(Short descriptive text snippets)

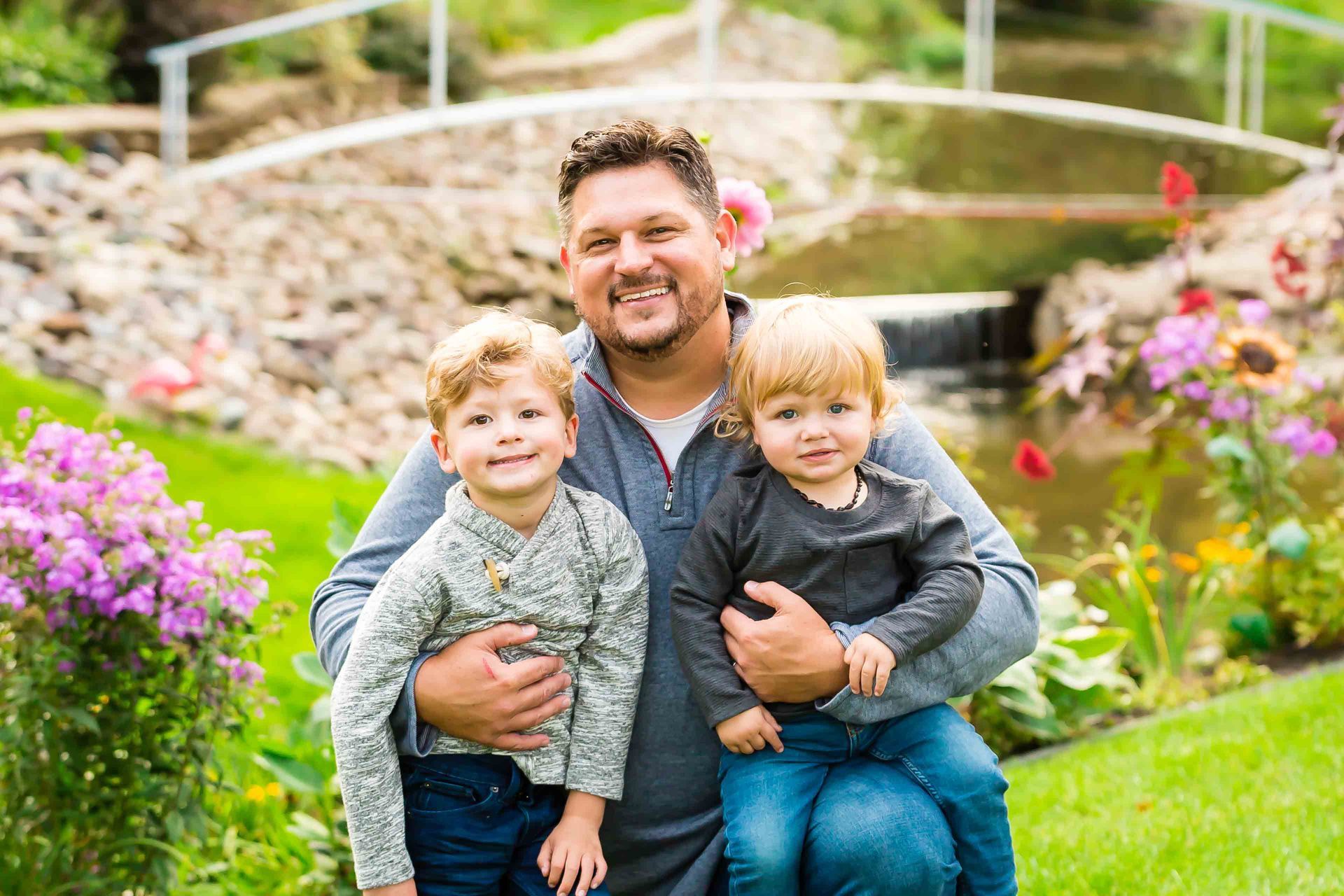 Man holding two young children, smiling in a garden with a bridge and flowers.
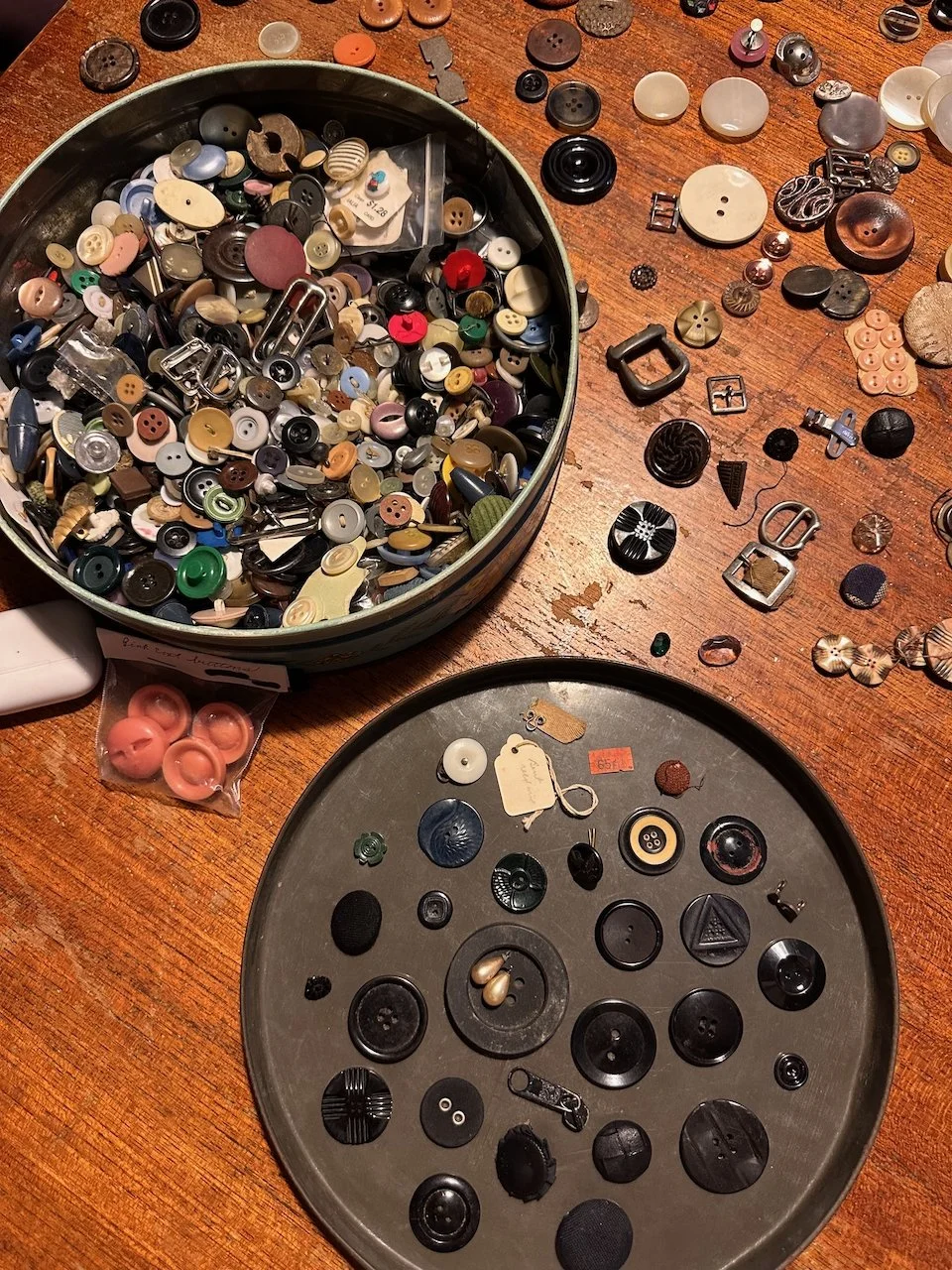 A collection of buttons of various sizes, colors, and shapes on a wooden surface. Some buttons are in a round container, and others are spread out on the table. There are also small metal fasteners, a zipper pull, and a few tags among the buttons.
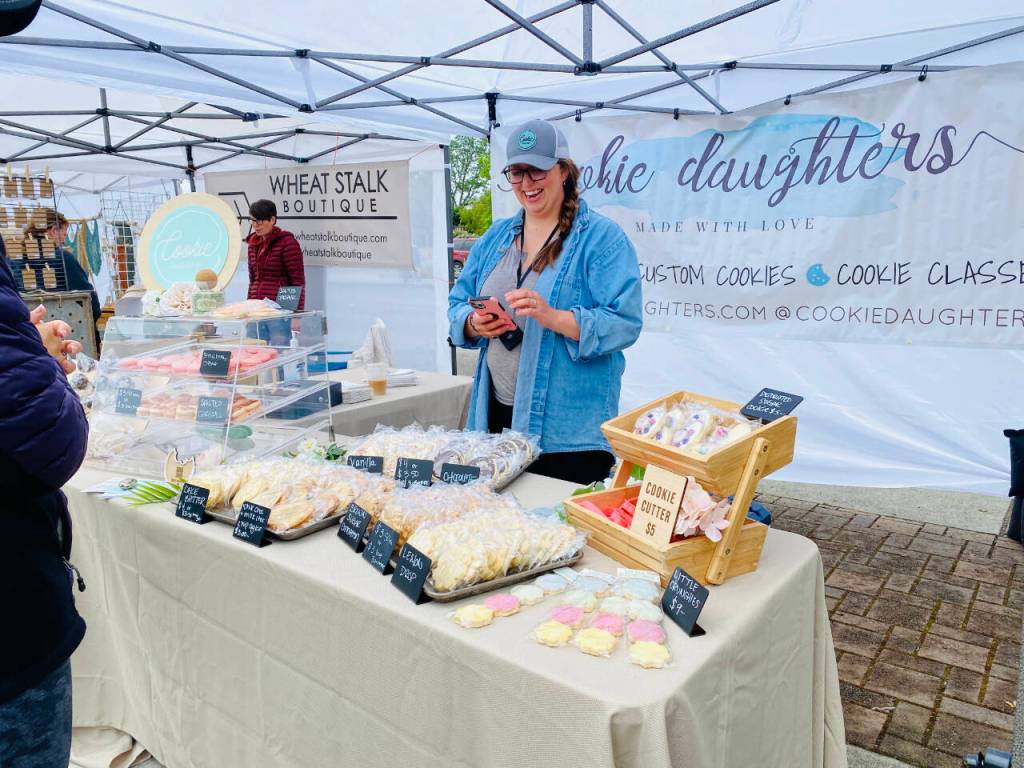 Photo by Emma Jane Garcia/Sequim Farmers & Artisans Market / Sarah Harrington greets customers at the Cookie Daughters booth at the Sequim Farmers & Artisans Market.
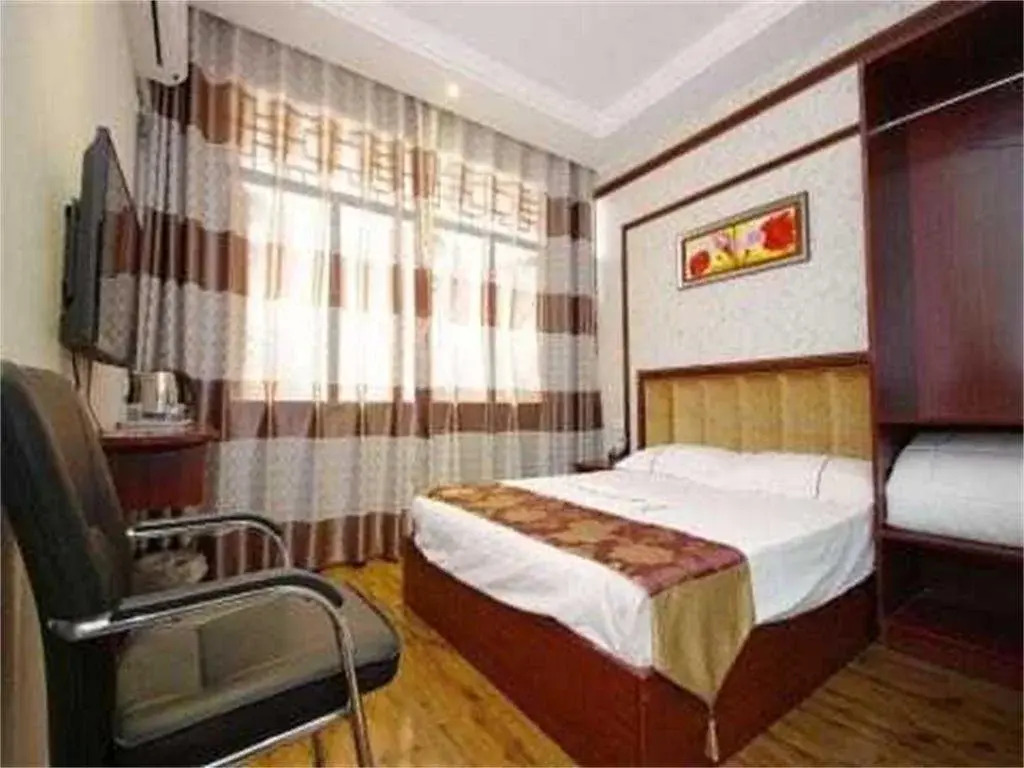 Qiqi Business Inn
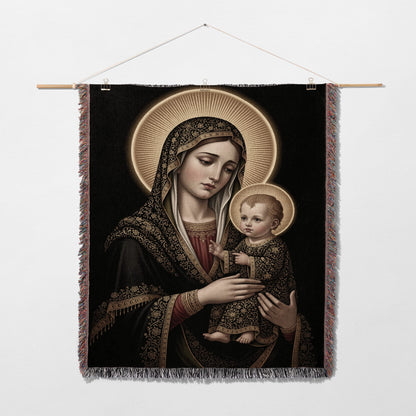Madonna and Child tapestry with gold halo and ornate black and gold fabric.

**EXERCISE DETAILS:** Go through the data above and transcribe it in full, omitting any image.

**ANSWER FOR THE TASK:**
 Man holding two young children, smiling in a garden with a bridge and flowers.
 A collection of buttons of various sizes, colors, and shapes on a wooden surface. Some buttons are in a round container, and others are spread out on the table. There are also small metal fasteners, a zipper pull, and a few tags among the buttons.
 Photo by Emma Jane Garcia/Sequim Farmers & Artisans Market / Sarah Harrington greets customers at the Cookie Daughters booth at the Sequim Farmers & Artisans Market.
 Qiqi Business Inn
Madonna and Child tapestry with gold halo and ornate black and gold fabric.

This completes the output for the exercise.